● **RECORDED INFORMATION**:

────────

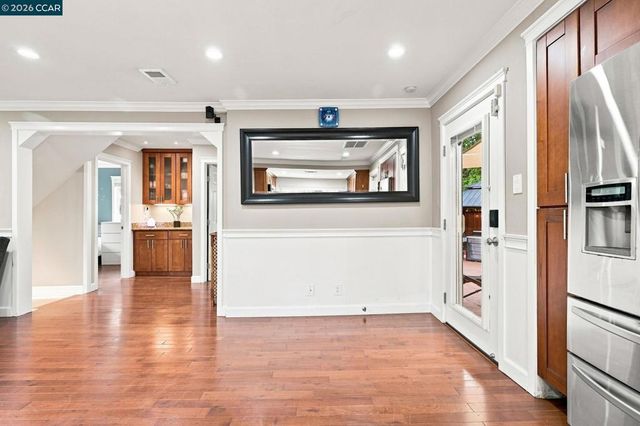 4074 Hamlet Ct, Concord, CA 94521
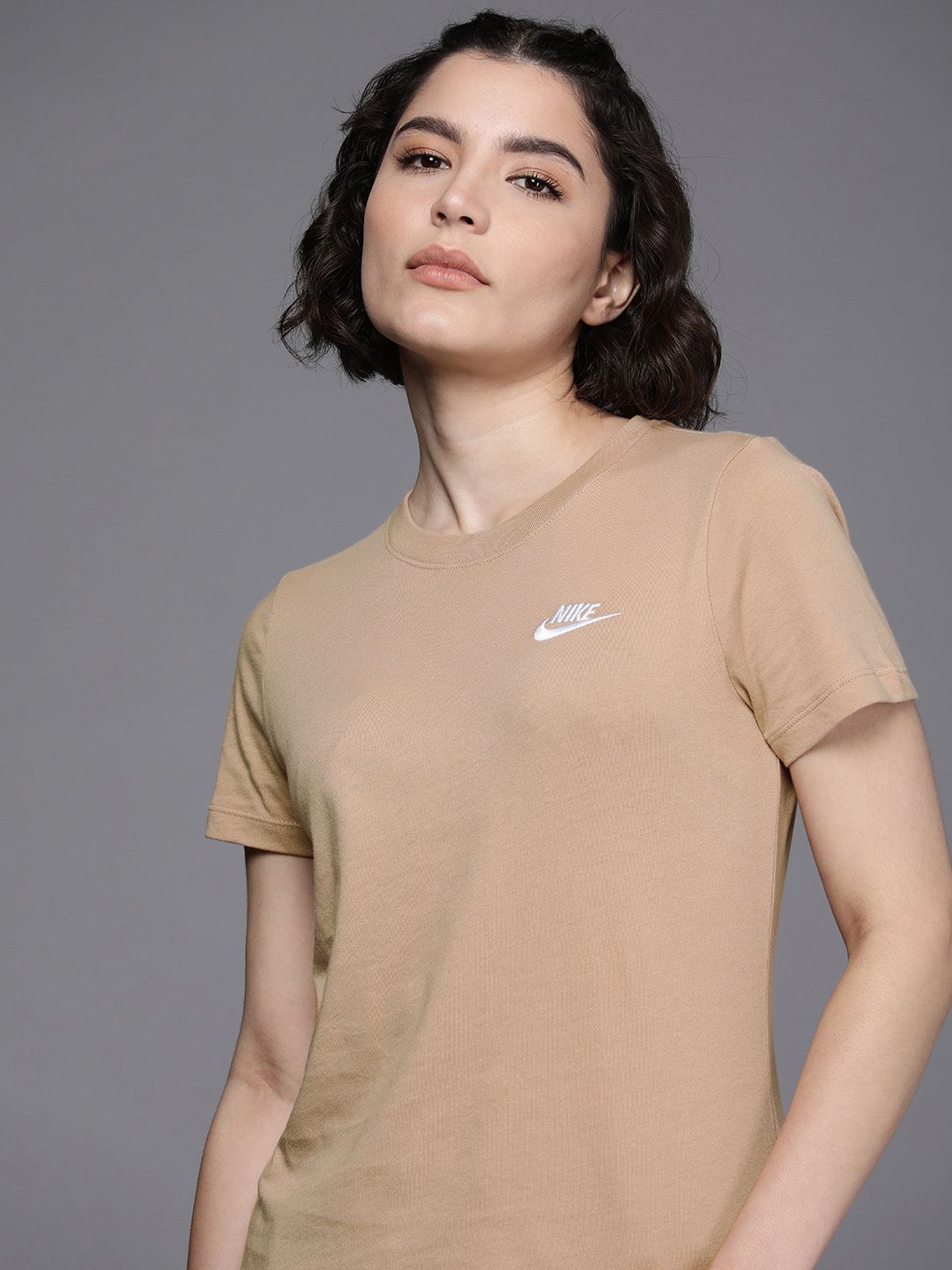 Nike Women Brown Club T-shirt Price in India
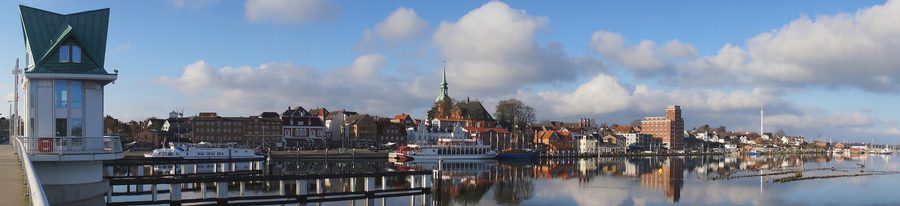 Panorama di Kappeln sullo Schlei con pontili e aree portuali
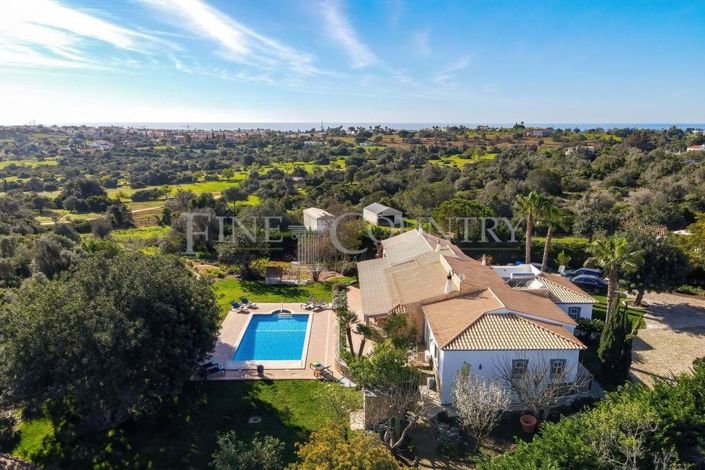 Image No.51-6 Bed Property for sale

────────

● **ASSIGNMENT**: Return the lines of the data above in full and exactly, with no pictures.

● **THE COMPLETED TASK**:
 4074 Hamlet Ct, Concord, CA 94521
 Nike Women Brown Club T-shirt Price in India
 Panorama di Kappeln sullo Schlei con pontili e aree portuali
 Image No.51-6 Bed Property for sale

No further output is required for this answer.